Comrade Bush Announces New 5-Day Plan

Washington, D.C. (Izvestia) - Comrade Bush, Premier and General Secretary of the Party, used the occasion of a state visit from Italy to announce in the Rose Garden today that Comrade Paulson's First 5-Day Plan for the Economy, which has not been tried, has not worked, and that in conjunction with other countries in the World Comintern, a new 5-Day Plan to save the world's economies would immediately be put into action.

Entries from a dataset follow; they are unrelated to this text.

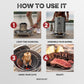 Barrel Smoker & Barril Asador Ahumador  - (Small/Pequeño)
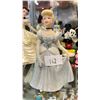 Image 2 : (2) GLASS DISNEY PRINCESSES - CINDERELLA + BELLE (BELLE PLAYS MUSIC)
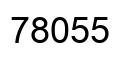 Número 78055 imagen negro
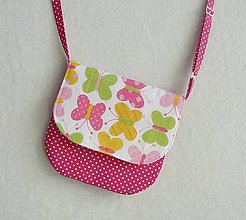 Detské tašky - Detská kabelka motýliková (ružová) - 8027939_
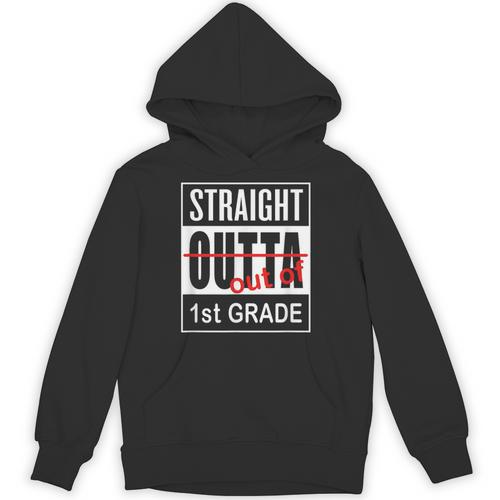 Straight Outta First Grade Graduation 1st Grade T Shirt Unisex Hoodie - Best Gift Smart
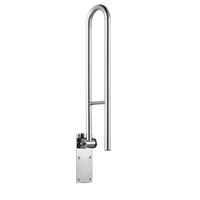 Main courante de toilette en acier inoxydable en forme de U Flip-Up Salle de bain Barre d'appui pliante Handicap Sécurité Hôpital Douche Utilisation Pliable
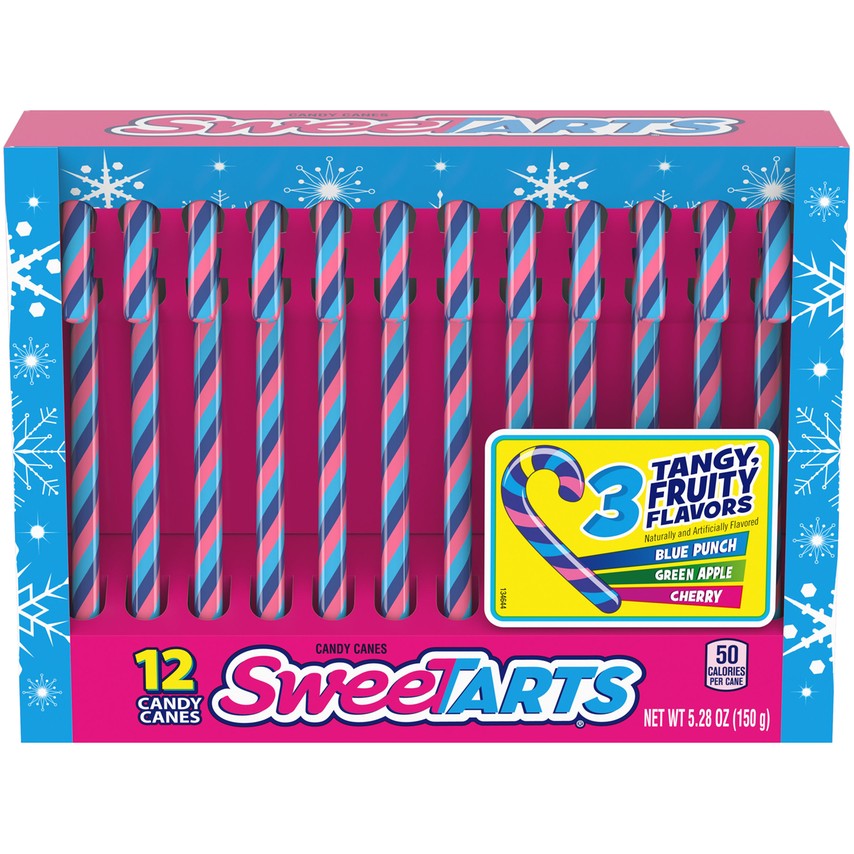 Order Sweetarts Candy Canes - 12 ct food online from Bartell store, Edmonds on bringmethat.com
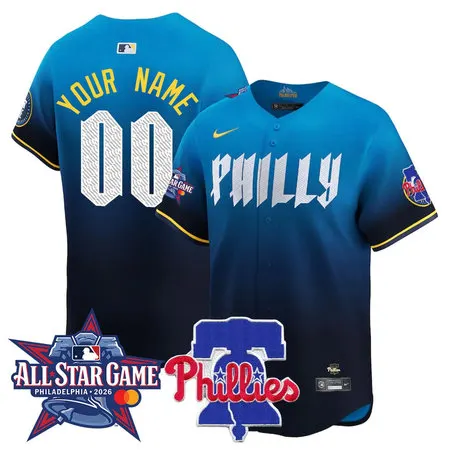 Men's Philadelphia Phillies Blue 2026 MLB All-Star Custom Jersey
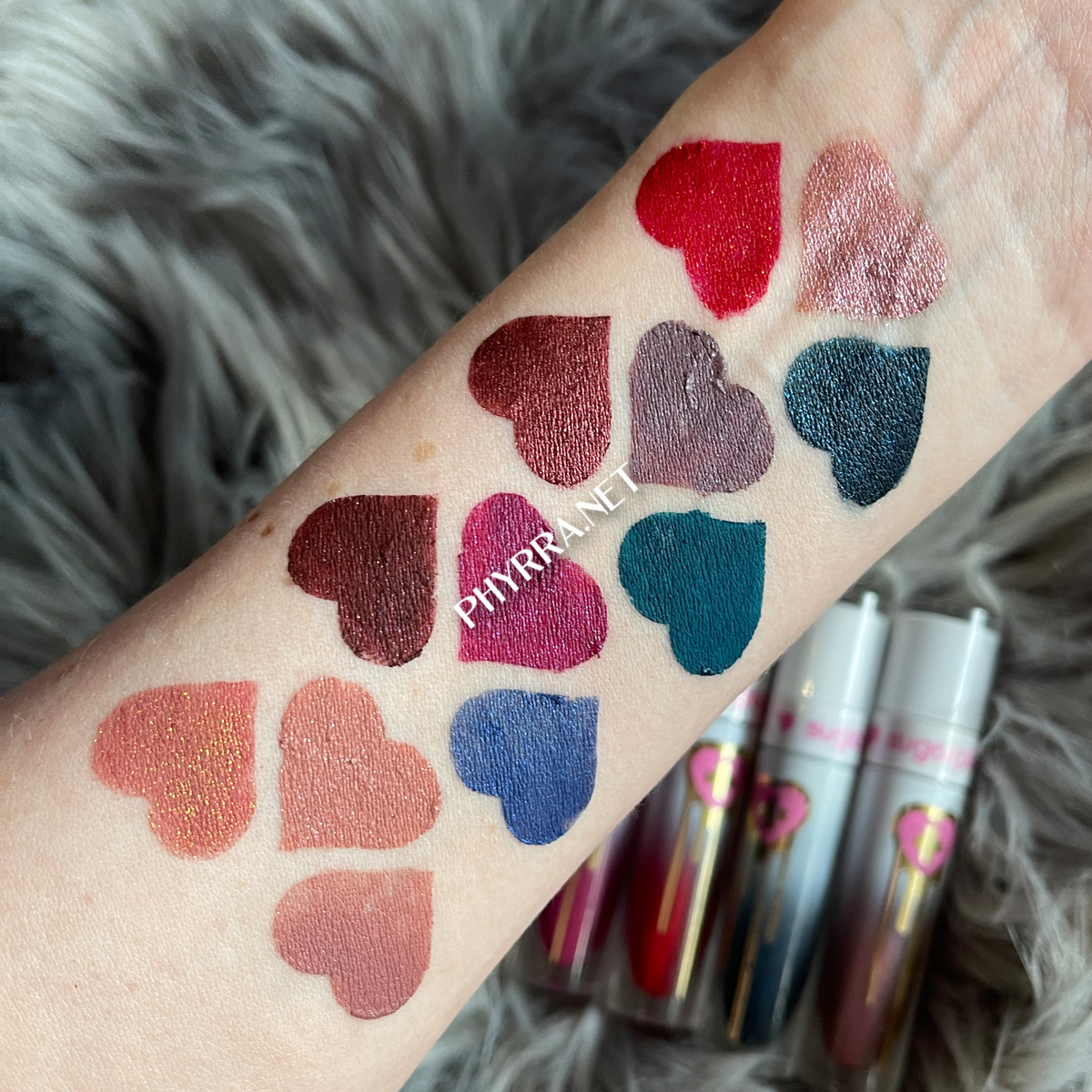 Sugarpill Liquid Lip Colors Swatches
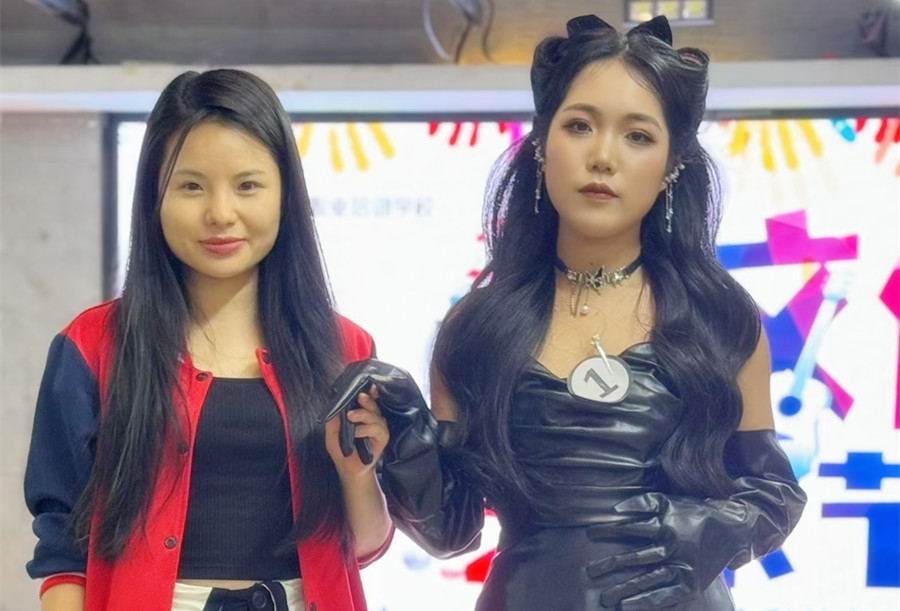 復(fù)古貓耳造型，廣西化妝彩妝造型訓(xùn)練作品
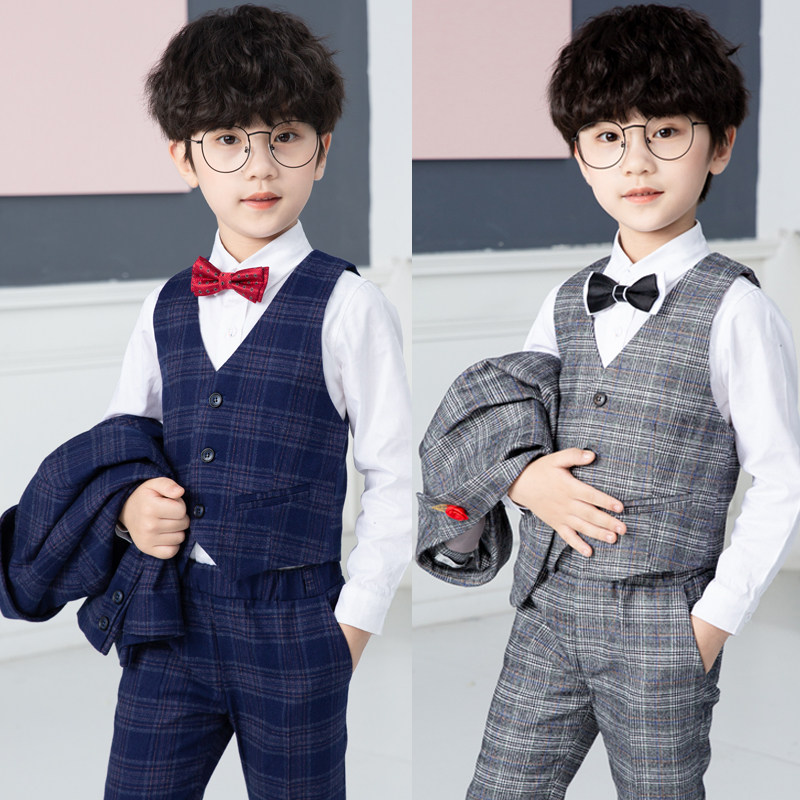 儿童西服男小西装伴郎婚礼钢琴演出服正装花童西服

Rumors circulated high in the Political Bureau that Comrade Paulson was now in disgrace because of his inability to make his First 5-Day Plan work during the first two days.  It is likely that he will be arrested and sent West for reeducation, after which he will become an internal exile.  Comrade Bush announced the details of the Second 5-Day Plan under which the Union of Socialist States of America will invest directly in the People's Bank and receive preferred stock representing the People's interests, with instructions to the Capitalist Running Dogs in nominal control of the People's Bank to start lending immediately to the proletariat.  

"The harvest looms," Comrade Bush intoned.  "The potatoes of the West will rot black in the ground if the peasants do not receive the money they need to fuel their tractors, to scythe the grain, and to load nature's bounty aboard the railroad cars that will carry this precious cargo to the tables of America's peasantry."
 
Italian Premier Berlusconi wept openly at his own rostrum, clearly moved by the poetry of Comrade Bush's words, not to mention his surprising grasp of Marxist ideology.  "Che uomo," he murmured, dabbing at his eyes.

"In this paradise of the proletariat which America is now and forever shall be," Comrade Bush boomed, warming to his subject, "the People's Congress and the Supreme Leadership shall join with the working class, clasping hands and marching forward until the final victory over the bourgeois and revanchist mercenaries of Wall Street and the decadent capitalists.  The banks shall be the People's! The great counting houses of New York shall be the People's! Insurance companies shall be the province of the Proletariat!  Transportation in the air, on the rails, shall be in conveyances owned by the mighty peasantry of the USSA!"

A great roar went up from the usually disinterested press.  In the general feeling of glasnost, even a question from a reporter was allowed.

"And Comrade Bush," the reporter asked, "health care as well?  The People shall finally have the socialized medicine they so desperately need, in this new era of the State providing all?"

"No," answered Comrade Bush.  "That will remain private."